### What is expected
Print the data verbatim. Leave every image out.

[Given records Boundary: Start]

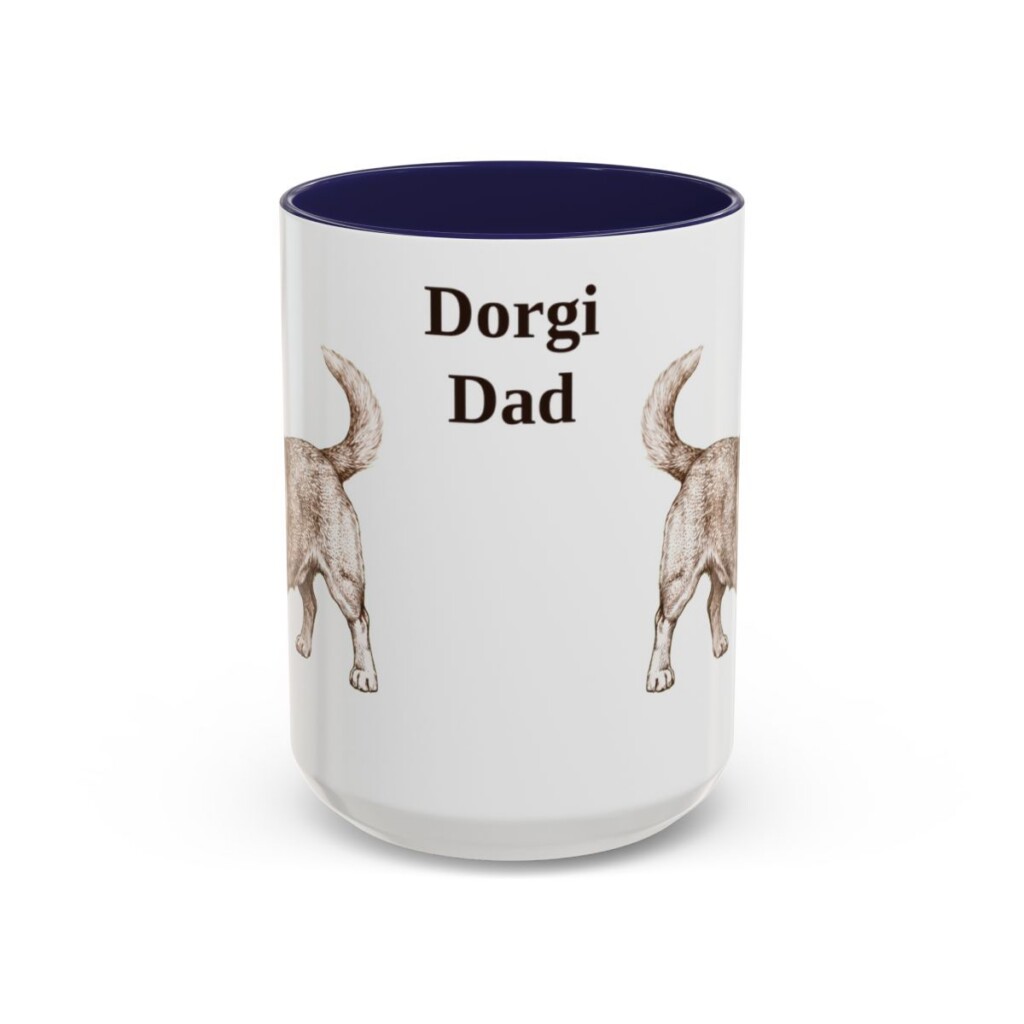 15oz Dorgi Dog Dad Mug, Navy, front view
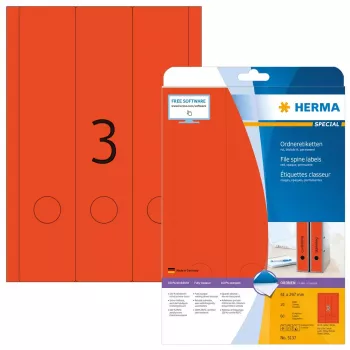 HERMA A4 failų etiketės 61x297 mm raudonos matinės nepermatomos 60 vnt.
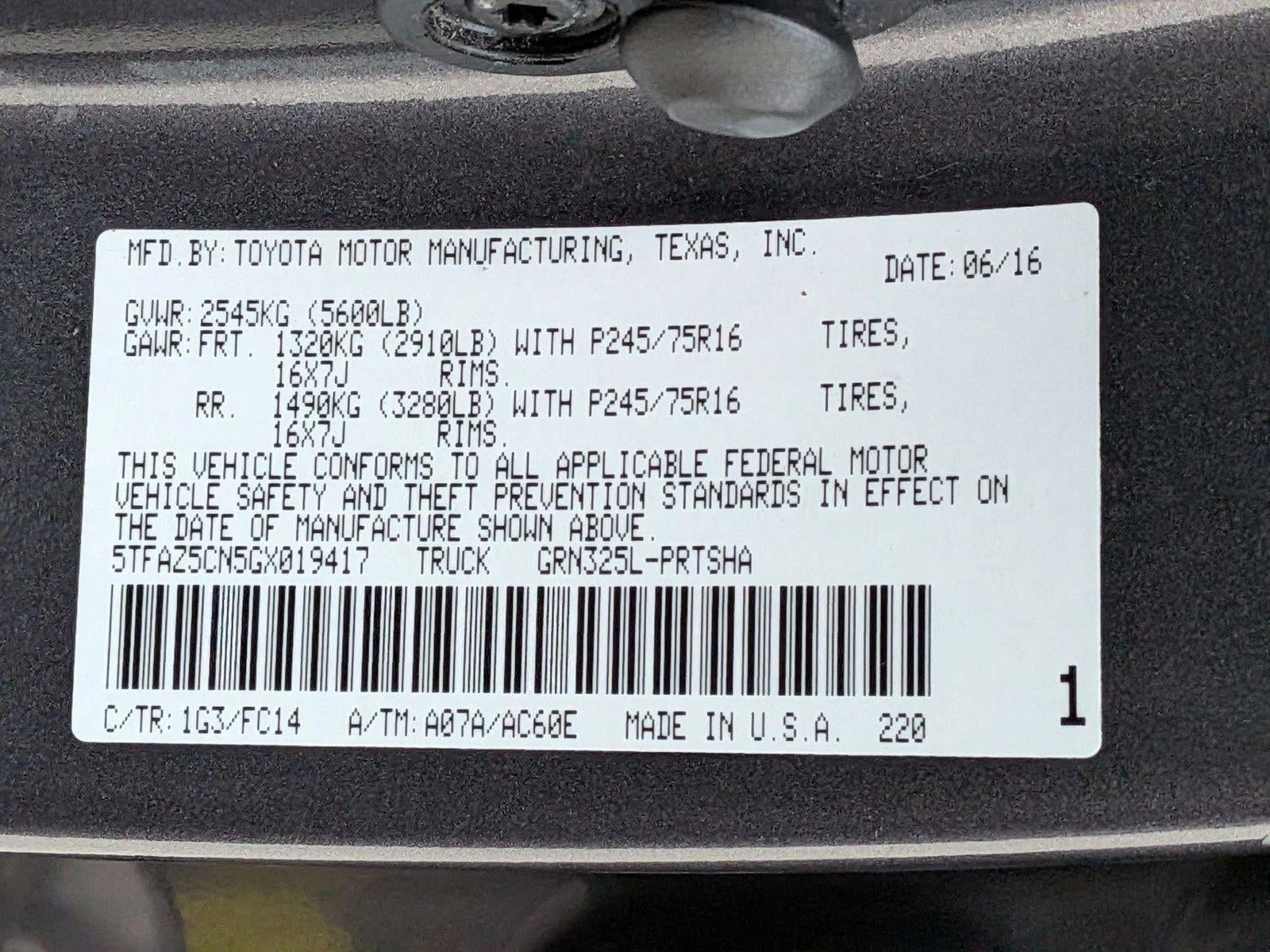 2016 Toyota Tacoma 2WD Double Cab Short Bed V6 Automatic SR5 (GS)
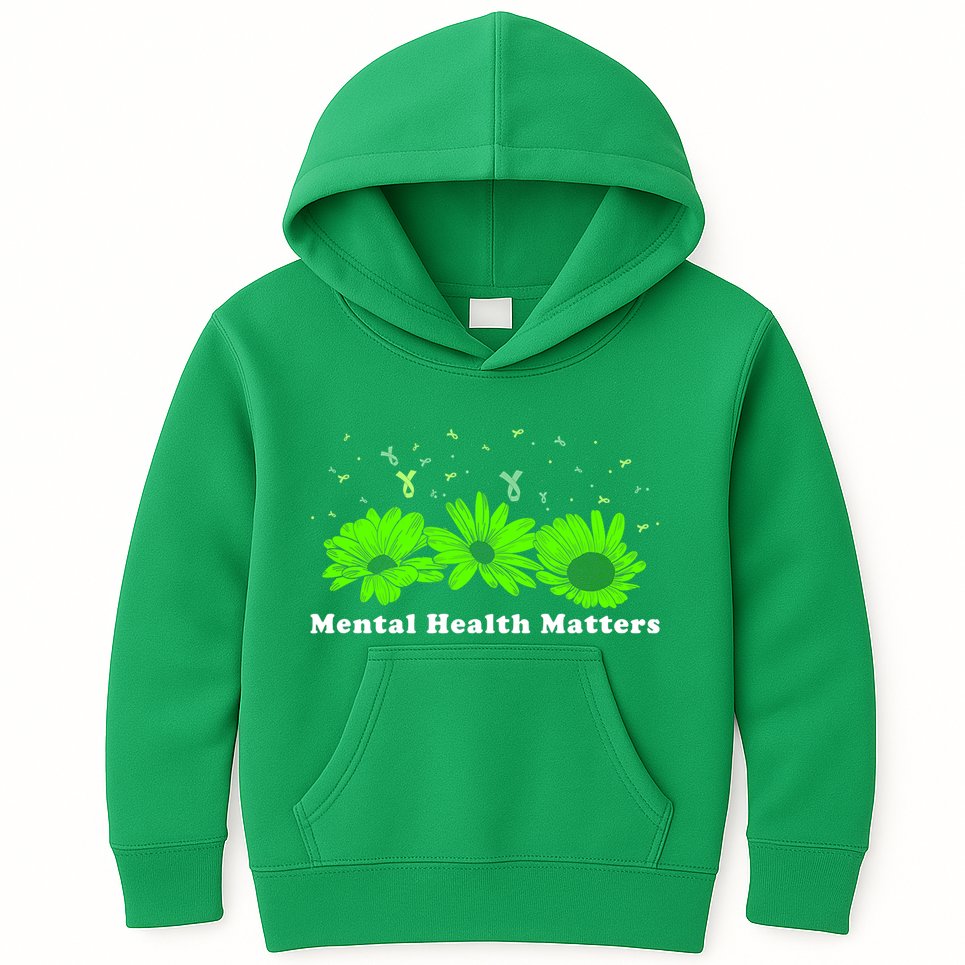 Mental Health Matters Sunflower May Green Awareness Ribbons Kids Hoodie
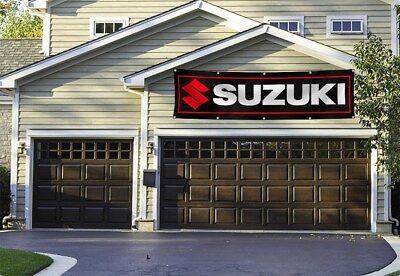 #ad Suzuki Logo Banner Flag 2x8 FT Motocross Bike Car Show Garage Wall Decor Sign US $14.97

[Given records Boundary: End]

### Response for this exercise
 15oz Dorgi Dog Dad Mug, Navy, front view
 HERMA A4 failų etiketės 61x297 mm raudonos matinės nepermatomos 60 vnt.
 2016 Toyota Tacoma 2WD Double Cab Short Bed V6 Automatic SR5 (GS)
 Mental Health Matters Sunflower May Green Awareness Ribbons Kids Hoodie
 #ad Suzuki Logo Banner Flag 2x8 FT Motocross Bike Car Show Garage Wall Decor Sign US $14.97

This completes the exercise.